## TASK ITEM:
The response has to reproduce all entries exactly while excluding their pictures.

## RECORD EXCERPTS:
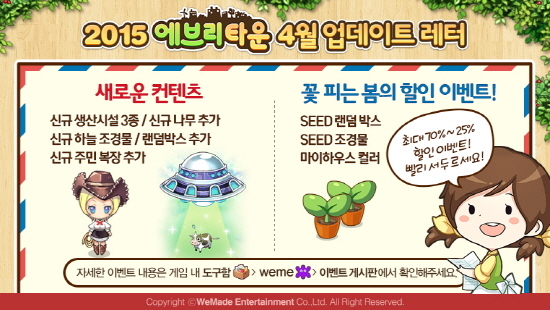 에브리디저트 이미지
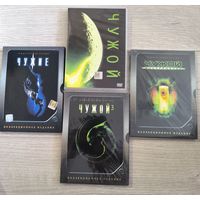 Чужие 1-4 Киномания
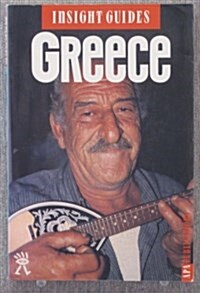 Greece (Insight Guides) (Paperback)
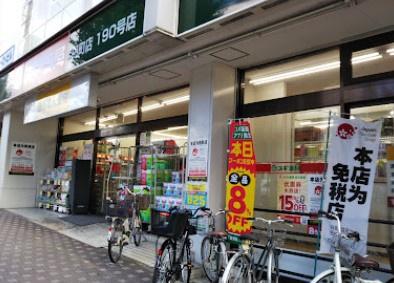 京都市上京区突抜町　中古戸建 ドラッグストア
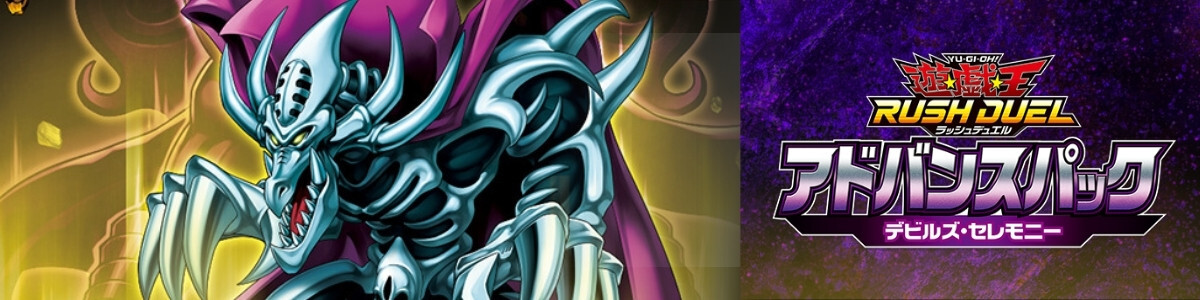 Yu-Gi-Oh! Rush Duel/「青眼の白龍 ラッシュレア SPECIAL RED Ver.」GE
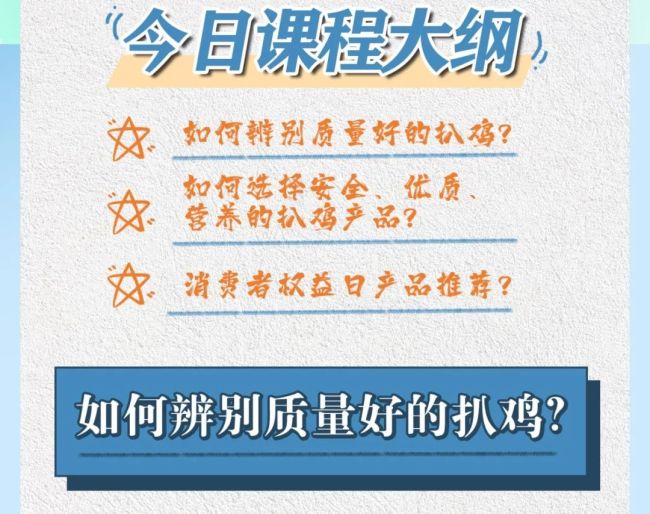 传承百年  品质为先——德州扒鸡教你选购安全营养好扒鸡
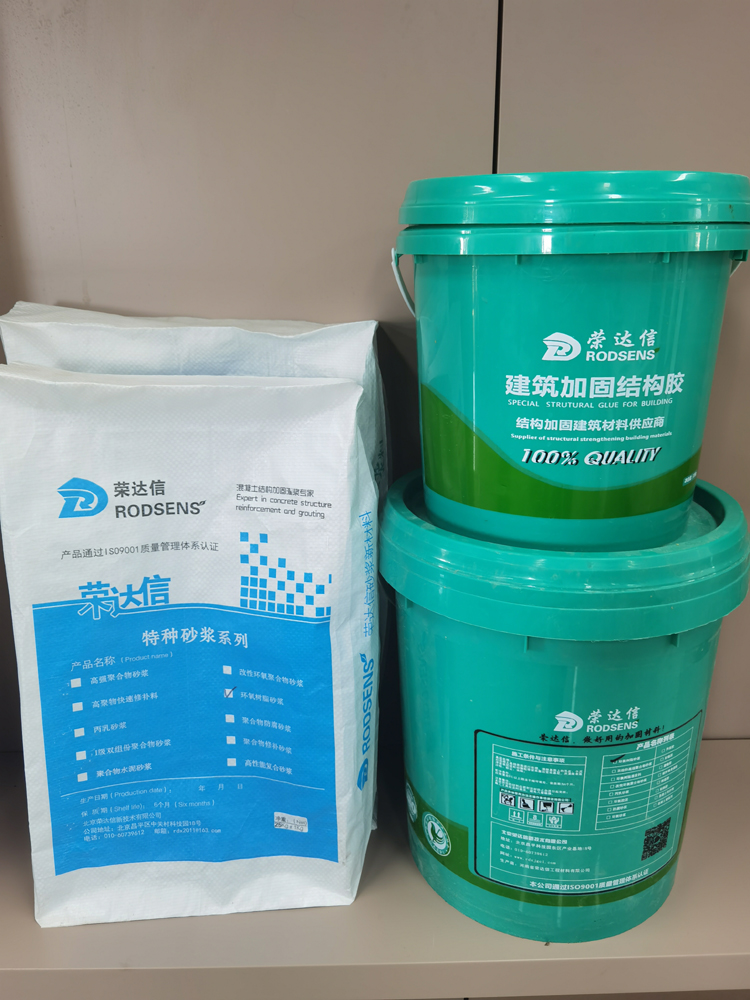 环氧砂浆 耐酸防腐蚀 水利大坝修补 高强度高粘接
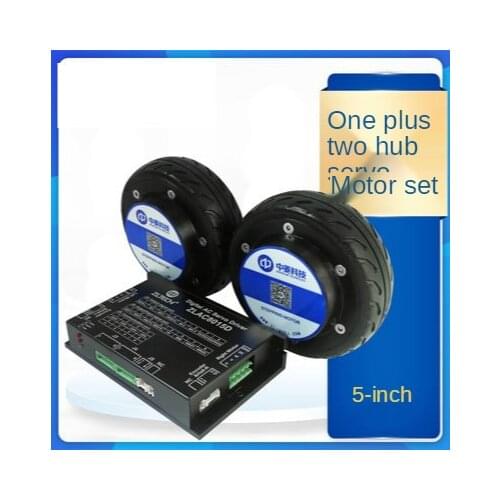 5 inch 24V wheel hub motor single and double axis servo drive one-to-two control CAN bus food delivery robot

## FINISHED EXERCISE:
 에브리디저트 이미지
 Чужие 1-4 Киномания
 Greece (Insight Guides) (Paperback)
 京都市上京区突抜町　中古戸建 ドラッグストア
 Yu-Gi-Oh! Rush Duel/「青眼の白龍 ラッシュレア SPECIAL RED Ver.」GE
 传承百年  品质为先——德州扒鸡教你选购安全营养好扒鸡
 环氧砂浆 耐酸防腐蚀 水利大坝修补 高强度高粘接
 5 inch 24V wheel hub motor single and double axis servo drive one-to-two control CAN bus food delivery robot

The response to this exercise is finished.